On the record before us, we cannot say with the necessary certainty that further deliberations, at least until the end of the day, would have proved futile. Under the applicable standard, the record demonstrates no manifest necessity for declaring a mistrial. Thus, Gordy’s second trial violated the proscription against double jeopardy. Our decision today only applies the Perez case-by-case standard to the totality of the factors present here. We create no new or stricter rules regarding a trial judge’s communications with jurors, nor do we purport to provide a mechanistic formula for determining the proper time to discharge a jury.
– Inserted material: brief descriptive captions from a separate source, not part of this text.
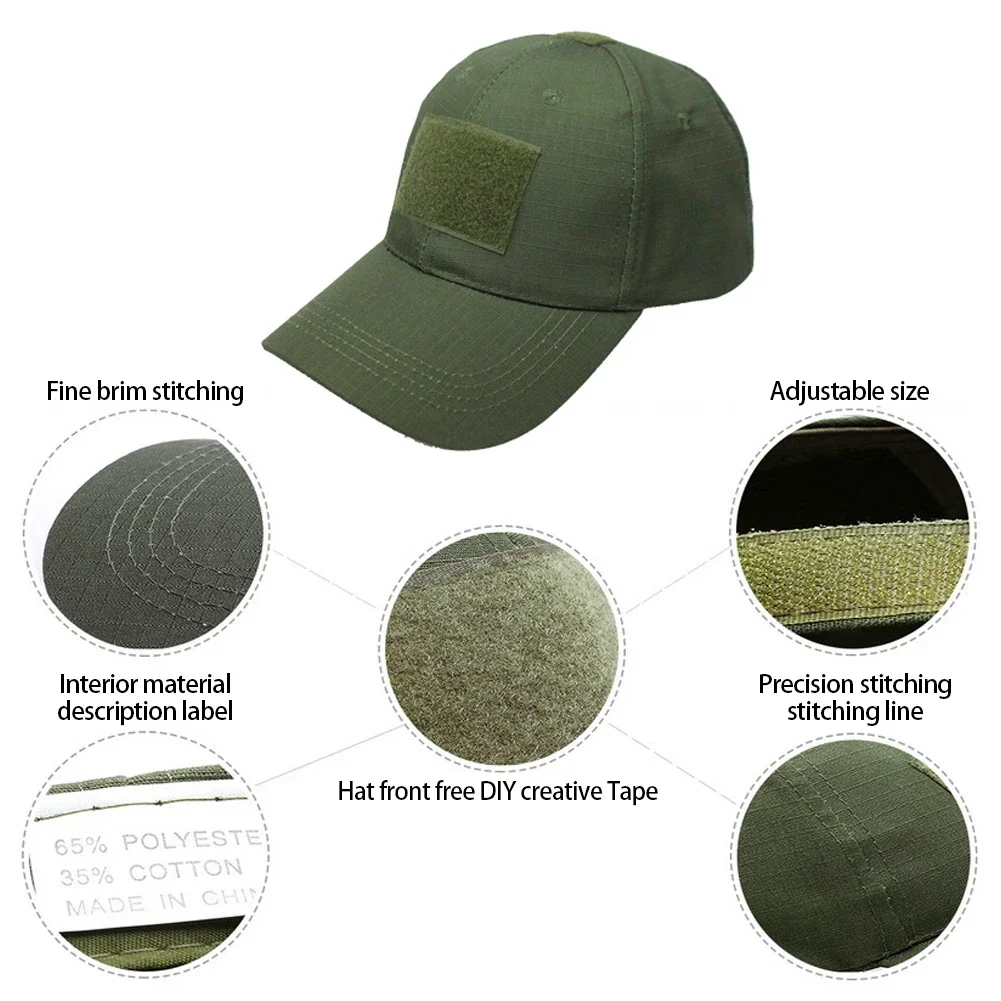 Tactical Cap Outdoor Sport Baseball Cap Camouflage Hat Camo Hunting Camping Hiking Fishing Caps baseball cap,camouflage hat,tactical hat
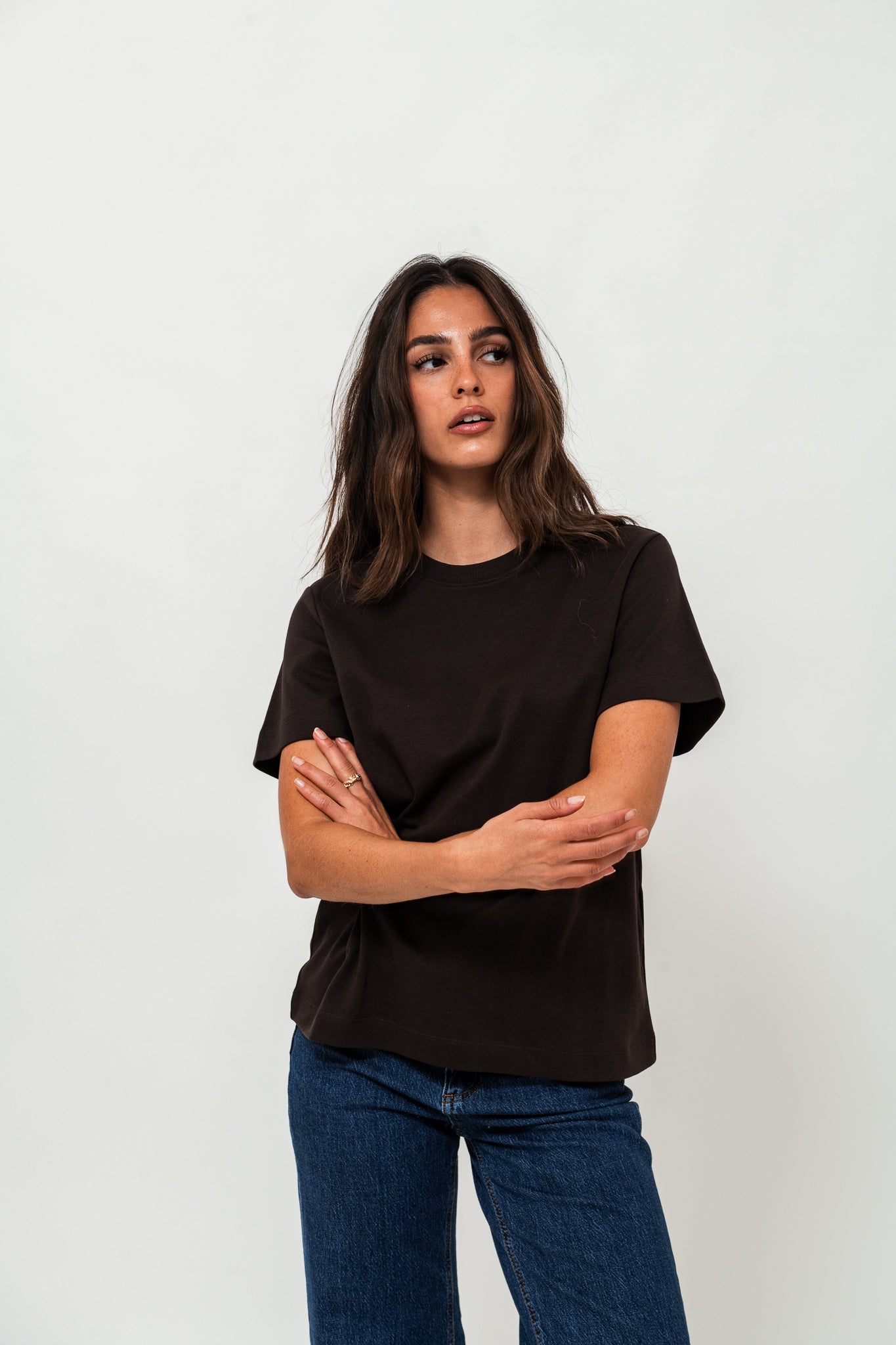 AWNAIMA T-Shirt - Chocolate Torte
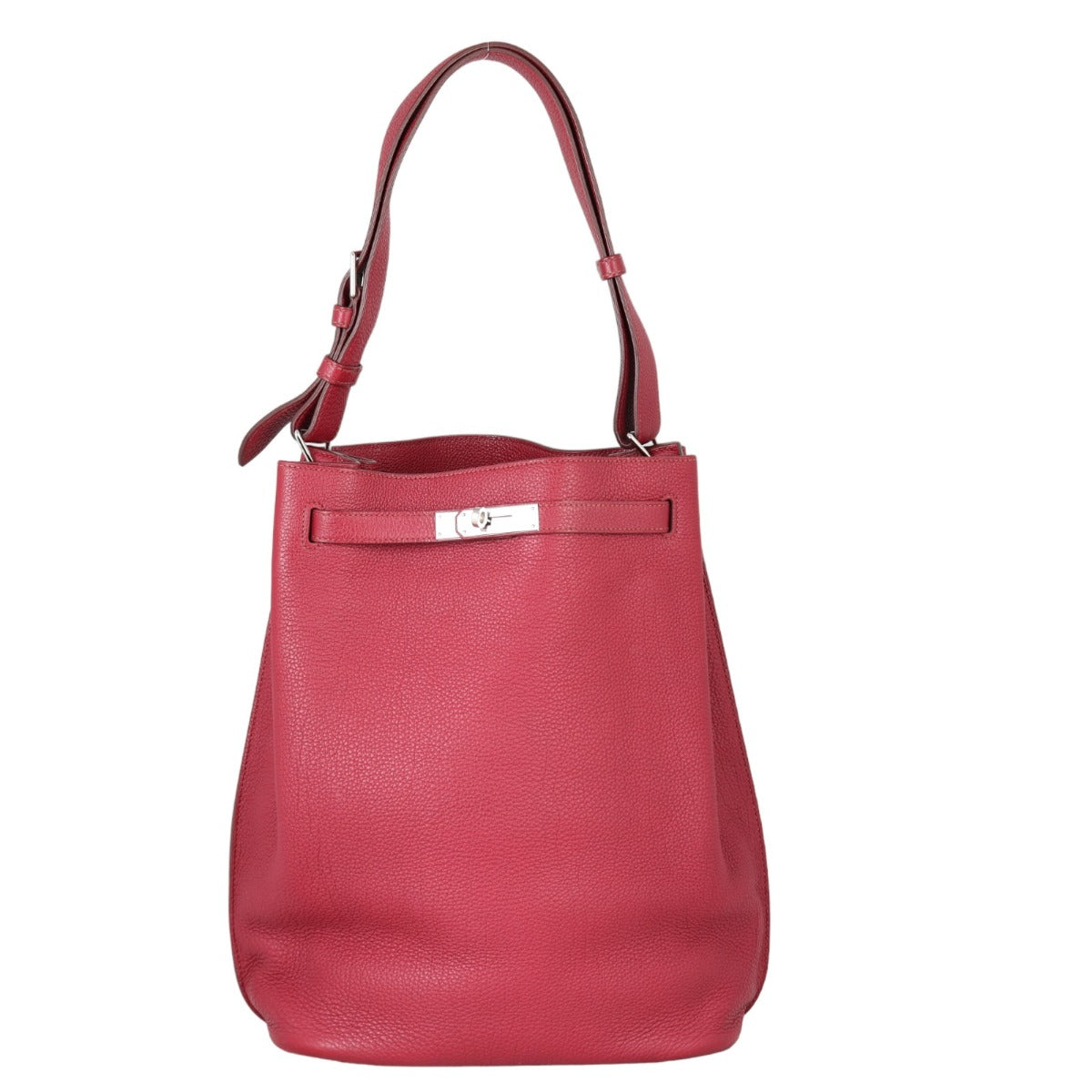 Hermes So Kelly Togo Handbag Travel Bag 26 Togo09082023
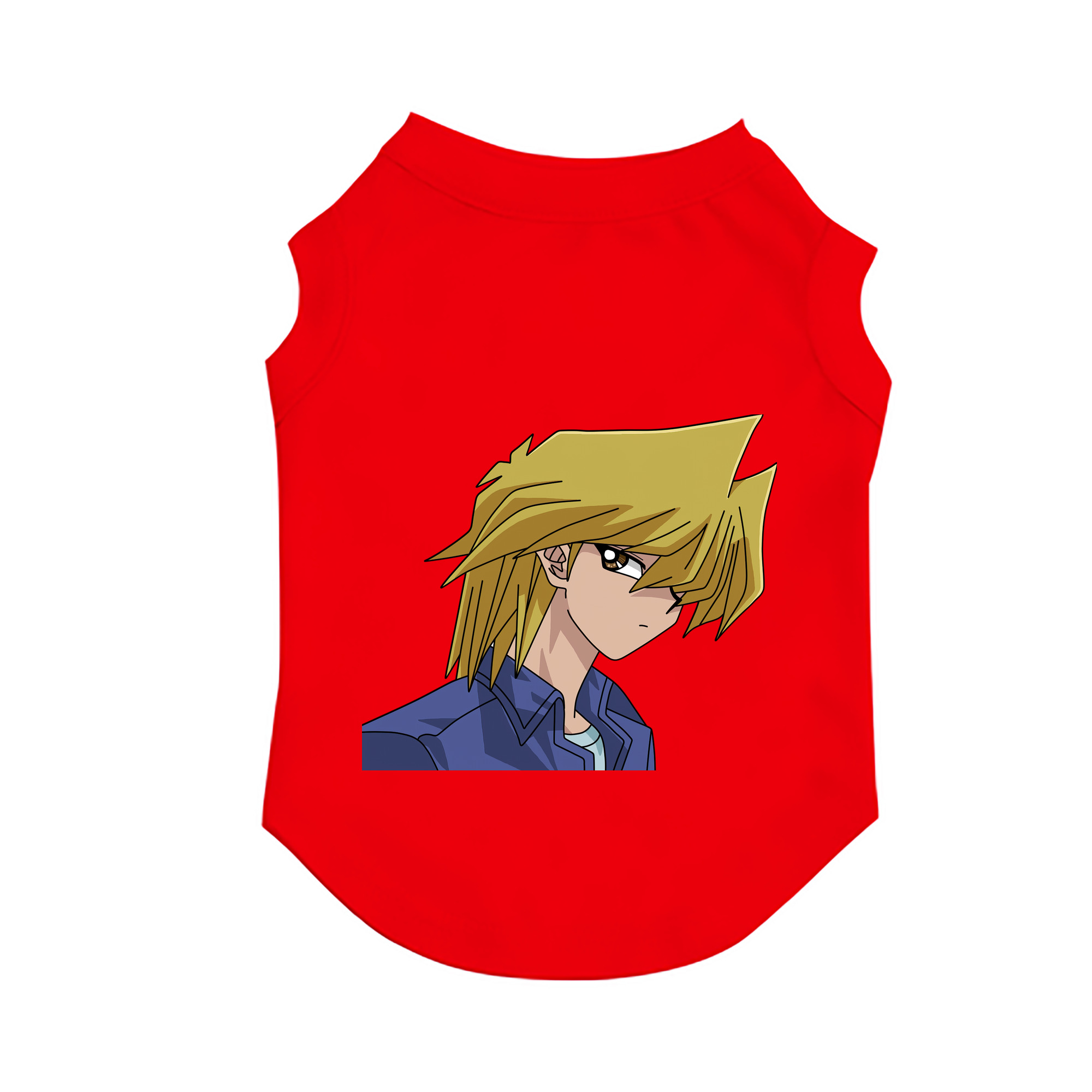 （画像用） 遊☆戯☆王 Yu-Gi-Oh! ペット用ベスト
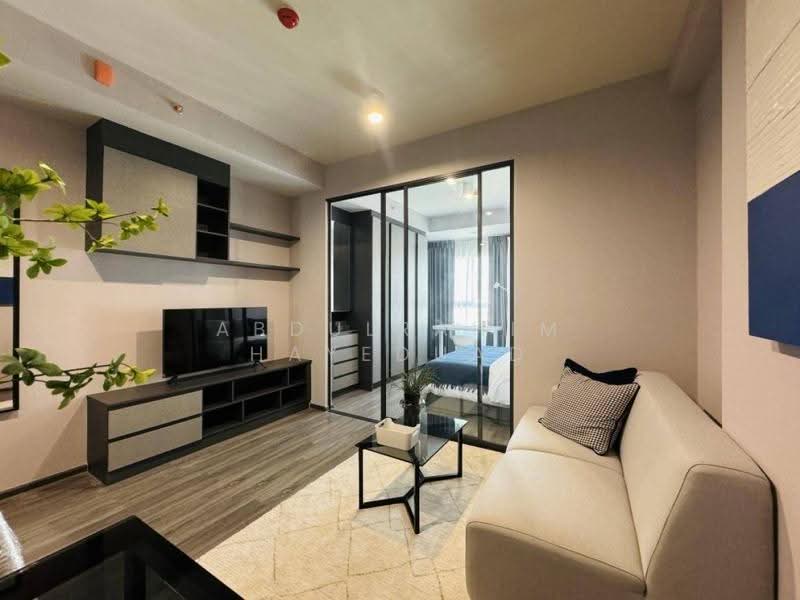 IDEO Chula-Samyan, Bangkok, Si Phraya Road, Maha Phrutharam, Bang Rak, Bangkok, 1 Bedroom, 35 sqm, Condo For Rent, by Abdulrahim Hayeduad, 500566417 - DDproperty.com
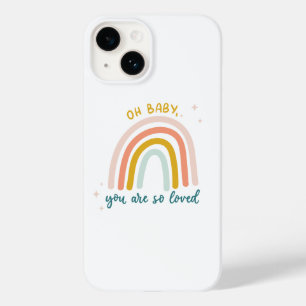 Coque Case-Mate iPhone Oh Bébé, Tu Es Si Amoureux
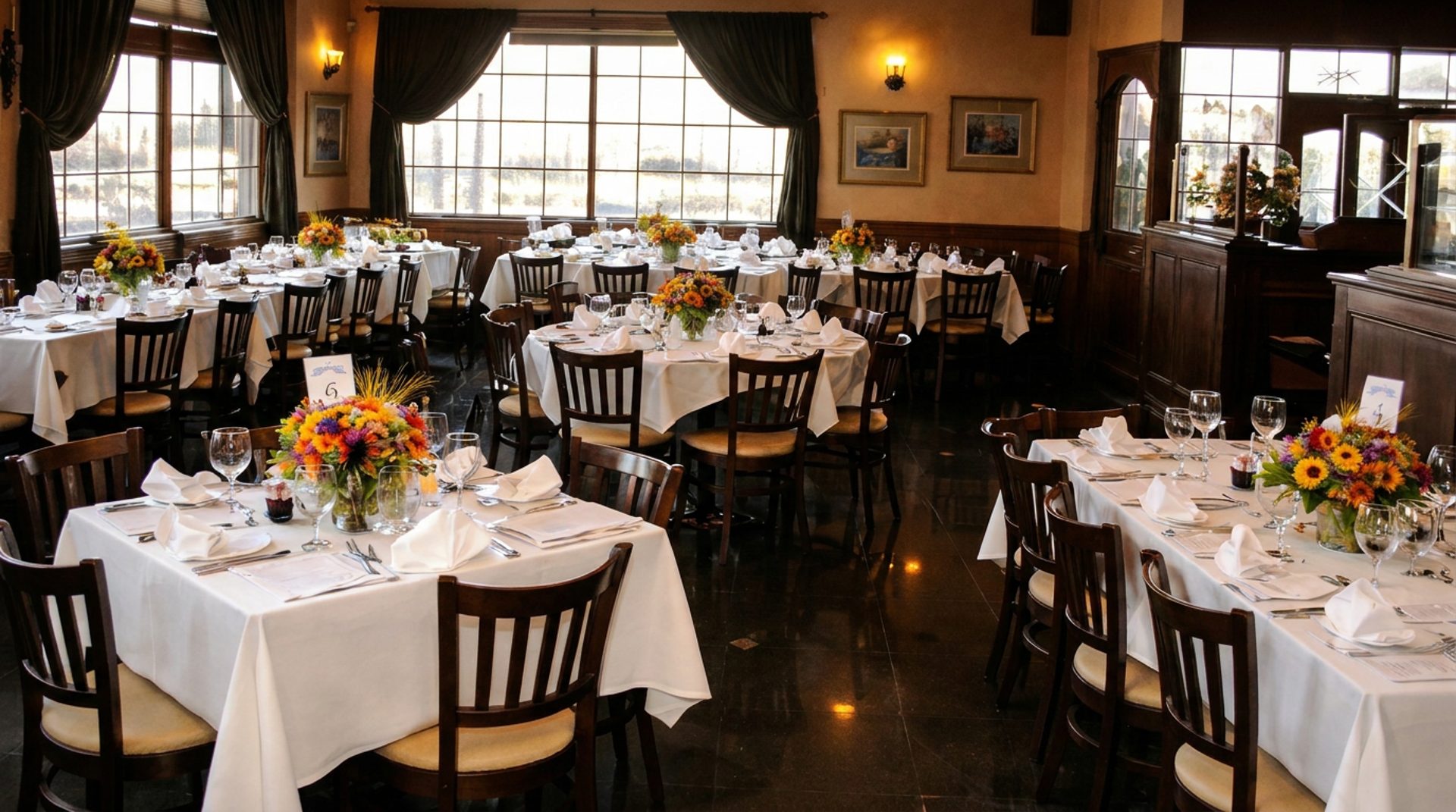 Private Parties and Special Events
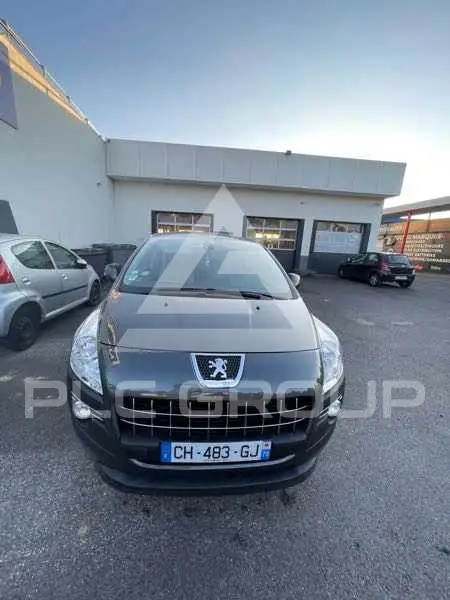 2012 Peugeot 3008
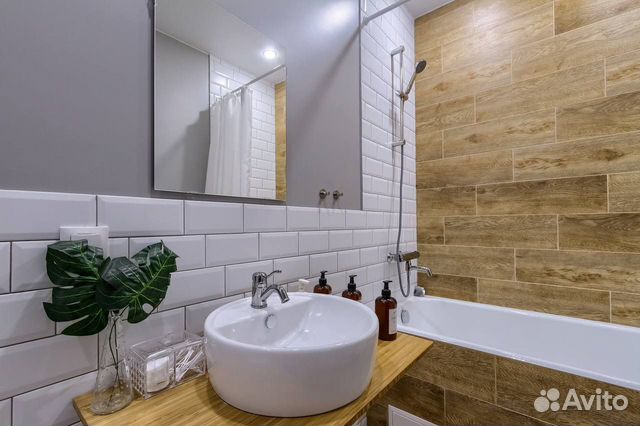 

Квартира-студия, 22,9 м², 1 кровать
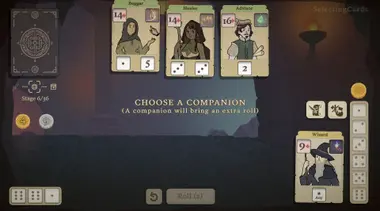 Dice & Fold preview 10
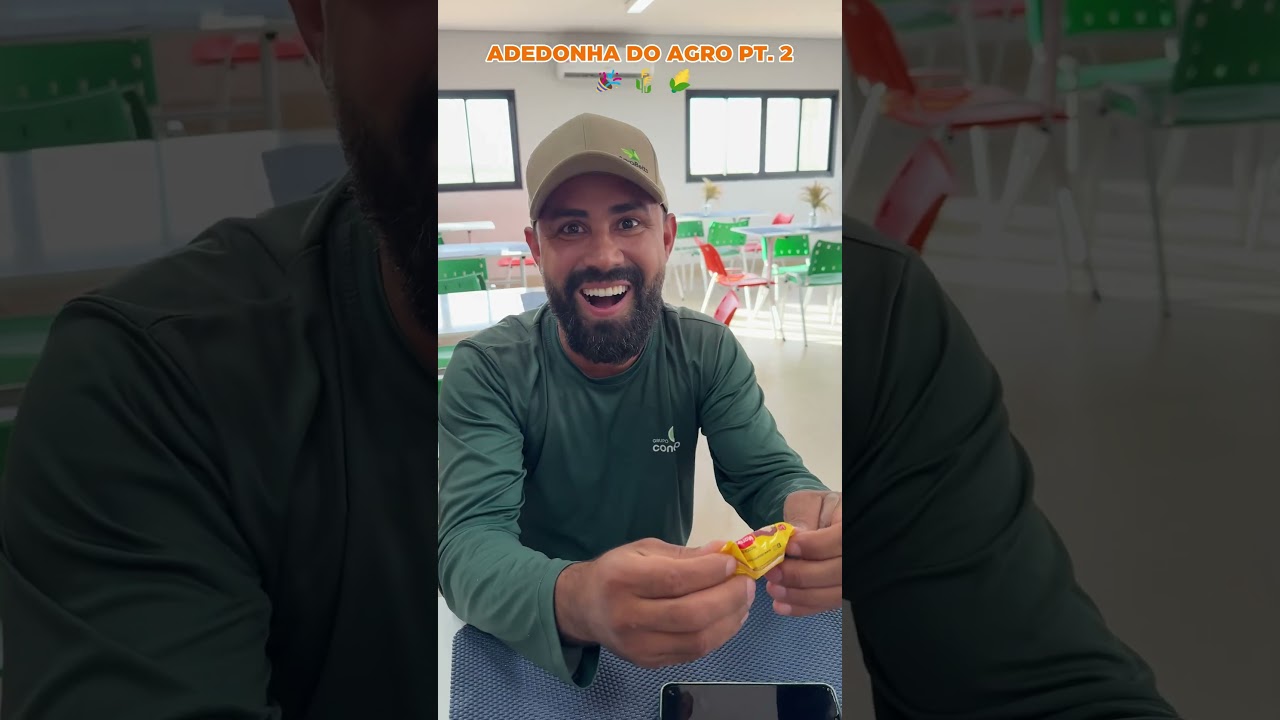 Adedonha do Agro parte 02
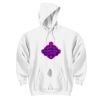 DryBlend ® Pullover Hooded Sweatshirt Thumbnail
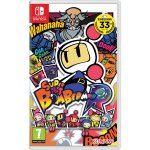 Super Bomberman R for Nintendo Switch now £36.75 on Gameseek! 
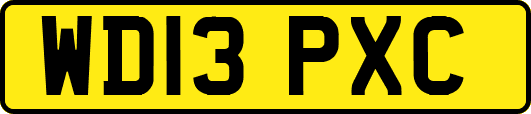 WD13PXC
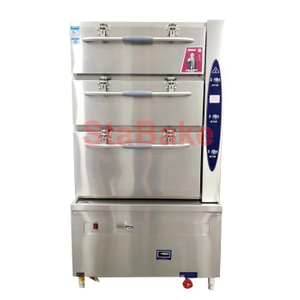 Commercial Seafood Steamer
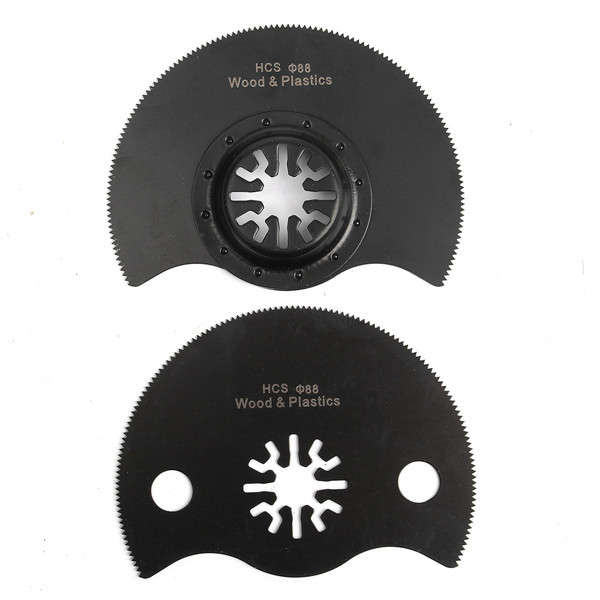 22pcs Oscillating Multi Tool Saw Blade Kit for Multimaster Fein Bosch Makita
Since we conclude that Gordy’s retrial violated the Fifth Amendment, we need not reach his other assignments of error.

Reversed.

. When the defendant moves for a mistrial or does not object timely to the declaration of a mistrial, his double jeopardy claim may be vitiated by his consent. See United States v. Beckerman, 516 F.2d 905 (2d Cir. 1975); United States v. Goldstein, 479 F.2d 1061 (2d Cir. 1973), cert. denied, 414 U.S. 873, 94 S.Ct. 151, 38 L.Ed.2d 113 (1973); Grogan v. United States, 394 F.2d 287 (5th Cir. 1967), cert. denied, 393 U.S. 830, 89 S.Ct. 97, 21 L.Ed.2d 100 (1968).

. This court has held that the mere asking of the question concerning numerical division of the jury is error per se. United States v. Amaya, 509 F.2d 8 (5th Cir. 1975). The rule is designed to prevent coerced verdicts. It may have no application where the question is asked to the foreman alone, with defendant’s consent, and the court discharges the jury immediately after asking the prohibited question.

. It is a matter of record that Judge Wood told the Diharce jury of his scheduled departure.